Mari bernostalgia sejenak! Kembali ke 30 tahun lalu, tahun 90-an, internet belum semasif saat ini. Komputer dan internet hanya untuk kalangan-kalangan tertentu "Kalangan Mampu Banget". Untuk mendapatkan informasi lengkap pengetahuan umum ada namanya buku pintar, buku RPUL (Rangkuman Pengetahuan Umum Lengkap), buat lihat peta Indonesia dan dunia ada namanya buku Atlas. Guru IPS saya waktu SD dulu sering memberikan tugas untuk menggambar peta Indonesia. Secara tidak langsung anak murid jadi tahu pulau-pulau, provinsi dan kota besar yang ada di Indonesia tanpa harus menghafalnya. Waktu masih kanak-kanak ada permainan edukatif, namanya Pancasila Lima Dasar, para generasi milenial yang seumuran denganku pasti tahu permainan ini.
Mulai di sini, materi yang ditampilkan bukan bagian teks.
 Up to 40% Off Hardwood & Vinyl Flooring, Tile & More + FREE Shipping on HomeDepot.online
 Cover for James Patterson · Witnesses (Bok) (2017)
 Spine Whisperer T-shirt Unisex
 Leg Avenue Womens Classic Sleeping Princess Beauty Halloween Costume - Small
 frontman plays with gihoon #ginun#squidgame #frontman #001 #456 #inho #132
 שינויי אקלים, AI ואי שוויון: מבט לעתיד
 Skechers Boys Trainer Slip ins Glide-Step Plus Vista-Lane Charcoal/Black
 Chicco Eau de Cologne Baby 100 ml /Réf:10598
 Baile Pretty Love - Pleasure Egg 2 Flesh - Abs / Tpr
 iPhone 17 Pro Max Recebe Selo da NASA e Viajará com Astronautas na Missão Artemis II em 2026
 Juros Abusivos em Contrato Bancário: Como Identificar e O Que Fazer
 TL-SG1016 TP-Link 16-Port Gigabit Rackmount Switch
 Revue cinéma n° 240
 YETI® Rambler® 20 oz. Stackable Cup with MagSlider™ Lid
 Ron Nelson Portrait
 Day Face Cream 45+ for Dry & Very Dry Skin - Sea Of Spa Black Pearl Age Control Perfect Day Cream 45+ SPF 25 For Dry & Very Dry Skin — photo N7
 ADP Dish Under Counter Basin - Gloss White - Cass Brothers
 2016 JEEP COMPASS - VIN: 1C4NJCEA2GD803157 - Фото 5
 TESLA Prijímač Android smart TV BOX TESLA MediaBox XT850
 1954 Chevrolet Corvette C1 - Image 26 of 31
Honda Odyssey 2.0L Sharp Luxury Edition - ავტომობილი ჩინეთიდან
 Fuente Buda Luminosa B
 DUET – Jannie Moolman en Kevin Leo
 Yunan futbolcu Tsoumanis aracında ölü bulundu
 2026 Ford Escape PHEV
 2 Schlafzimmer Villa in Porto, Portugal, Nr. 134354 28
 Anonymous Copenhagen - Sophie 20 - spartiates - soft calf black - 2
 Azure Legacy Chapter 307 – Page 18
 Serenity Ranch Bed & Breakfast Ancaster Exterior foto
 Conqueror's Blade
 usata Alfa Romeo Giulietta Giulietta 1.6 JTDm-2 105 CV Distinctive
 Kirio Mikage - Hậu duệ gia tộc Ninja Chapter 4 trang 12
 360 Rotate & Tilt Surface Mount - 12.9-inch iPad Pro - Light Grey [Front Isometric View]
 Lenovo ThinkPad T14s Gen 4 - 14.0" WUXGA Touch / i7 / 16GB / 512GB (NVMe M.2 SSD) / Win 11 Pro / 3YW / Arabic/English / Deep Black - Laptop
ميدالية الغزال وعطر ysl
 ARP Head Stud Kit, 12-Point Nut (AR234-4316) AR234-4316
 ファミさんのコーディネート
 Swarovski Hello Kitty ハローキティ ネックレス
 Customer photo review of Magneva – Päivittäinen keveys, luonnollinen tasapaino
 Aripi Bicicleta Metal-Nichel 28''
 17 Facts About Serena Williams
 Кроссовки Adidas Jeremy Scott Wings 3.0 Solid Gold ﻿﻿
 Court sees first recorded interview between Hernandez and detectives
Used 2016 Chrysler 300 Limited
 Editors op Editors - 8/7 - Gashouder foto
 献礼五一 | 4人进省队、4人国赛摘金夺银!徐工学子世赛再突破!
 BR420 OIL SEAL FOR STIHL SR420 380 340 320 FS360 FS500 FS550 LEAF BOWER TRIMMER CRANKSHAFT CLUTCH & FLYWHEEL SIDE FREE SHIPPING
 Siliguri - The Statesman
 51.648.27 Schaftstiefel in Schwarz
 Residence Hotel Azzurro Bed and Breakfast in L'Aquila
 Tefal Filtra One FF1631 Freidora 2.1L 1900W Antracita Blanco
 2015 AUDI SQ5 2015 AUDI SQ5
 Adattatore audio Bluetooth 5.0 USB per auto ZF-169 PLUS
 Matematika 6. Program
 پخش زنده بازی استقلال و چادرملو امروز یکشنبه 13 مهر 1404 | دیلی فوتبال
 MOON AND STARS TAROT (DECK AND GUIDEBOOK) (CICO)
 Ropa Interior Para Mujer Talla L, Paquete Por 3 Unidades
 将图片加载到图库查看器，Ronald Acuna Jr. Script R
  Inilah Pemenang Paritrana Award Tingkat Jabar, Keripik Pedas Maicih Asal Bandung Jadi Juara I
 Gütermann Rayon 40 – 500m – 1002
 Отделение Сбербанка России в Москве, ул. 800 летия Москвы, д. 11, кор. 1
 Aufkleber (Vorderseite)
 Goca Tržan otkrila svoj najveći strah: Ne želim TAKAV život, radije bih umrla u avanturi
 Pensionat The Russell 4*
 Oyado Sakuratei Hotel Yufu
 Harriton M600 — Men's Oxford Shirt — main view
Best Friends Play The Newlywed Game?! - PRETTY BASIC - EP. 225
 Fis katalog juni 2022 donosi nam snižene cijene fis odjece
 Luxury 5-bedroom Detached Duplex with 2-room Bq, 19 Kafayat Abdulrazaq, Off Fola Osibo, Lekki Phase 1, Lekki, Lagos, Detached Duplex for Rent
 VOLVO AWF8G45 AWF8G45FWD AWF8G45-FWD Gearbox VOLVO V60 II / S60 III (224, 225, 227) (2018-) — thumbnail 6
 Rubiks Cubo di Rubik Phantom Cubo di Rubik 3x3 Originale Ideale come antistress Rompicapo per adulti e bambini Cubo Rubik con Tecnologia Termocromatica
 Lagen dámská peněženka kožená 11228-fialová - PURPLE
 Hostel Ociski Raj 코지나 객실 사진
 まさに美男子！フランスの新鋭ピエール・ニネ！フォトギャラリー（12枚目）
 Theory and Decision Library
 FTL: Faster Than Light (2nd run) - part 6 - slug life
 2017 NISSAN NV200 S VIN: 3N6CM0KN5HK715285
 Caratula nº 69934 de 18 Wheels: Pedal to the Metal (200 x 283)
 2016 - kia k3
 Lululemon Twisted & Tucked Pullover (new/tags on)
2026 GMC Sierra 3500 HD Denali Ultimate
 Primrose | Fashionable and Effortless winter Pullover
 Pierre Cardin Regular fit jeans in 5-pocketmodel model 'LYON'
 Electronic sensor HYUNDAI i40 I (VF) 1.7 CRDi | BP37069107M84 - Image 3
Permainan ini biasanya dimainkan lebih dari dua orang, jari tangan dihitung sesuai abjad lalu menanyakan pertanyaan umum seperti nama buah atau hewan dengan huruf awalan "J", nama negara yang huruf awalannya "B", dan berbagai pertanyaan lainnya. Permainan seru ini mengasah pengetahuan umum kami di masa itu.
Jika dibandingkan dengan masa lalu, era digitalisasi saat ini memberikan banyak kemudahan dalam mengakses ilmu pengetahuan, apalagi Generasi Z dan Alpha yang Tech Savvy, sejak mereka lahir sudah kenal dan terpapar dengan gadget. Tetapi mengapa anak-anak zaman now pengetahuan umumnya cetek? Itu belum ditanya soal matematika loh!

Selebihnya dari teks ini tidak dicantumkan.